On May 12, 1985, people braced themselves for a miracle. An entire Italian city held its breath as they prepared to witness the local football club’s first and only victory. scudetto in her story. That city was Verona.

Hellas Verona traveled to Bergamo to face Atalanta in the penultimate round of the 1984/85 season. All they needed was a point. And a point they took when Preben Elkjaer Larsen canceled the lead from Eugenio Perico.

It was the day that changed history lime and from Verona. For the first time, the second largest city in the Veneto region was no longer just the city of Romeo and Juliet. It was no longer just the city of Pandoro, a traditional Christmas cake. For one sweet season, Verona became the capital of Italian football and the best expression of a time when fairy tales were still possible lime.

Serie A was a balanced affair in the 1980s. Between 1982 and 1991 the scudetto was won by seven different teams in nine years. Only in the following 31 years twice was the title that neither Juventus, Inter nor Milan have won.

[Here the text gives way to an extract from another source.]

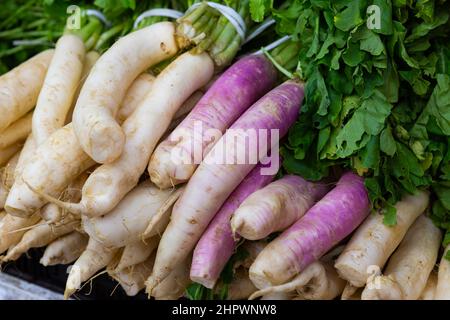 Rafano bianco esposto per la vendita al gregrocery Foto Stock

But still, the giallobluThe feat of had no precedent in modern times. Verona prevailed from a duel between Michel Platini’s Juventus, Diego Maradona’s Napoli, Karl Heinz Rummenigge’s Inter and Paulo Roberto Falcao’s Roma. Even among the so-called ‘midfield’ clubs, clubs like Fiorentina and Udinese, led by their Brazilian stars Socrates and Zico, seemed better equipped than those Scaligeri.

And yet it was Verona who lifted the trophy just a season after claiming a remarkable – but no more… – sixth place in the table.

The link, the glue that held the team together as it was built piece by piece, was coach Osvaldo Bagnoli. A quiet, gentle man who was also known as a great motivator, Bagnoli held the reins of Verona for nine years, from 1981 to 1990.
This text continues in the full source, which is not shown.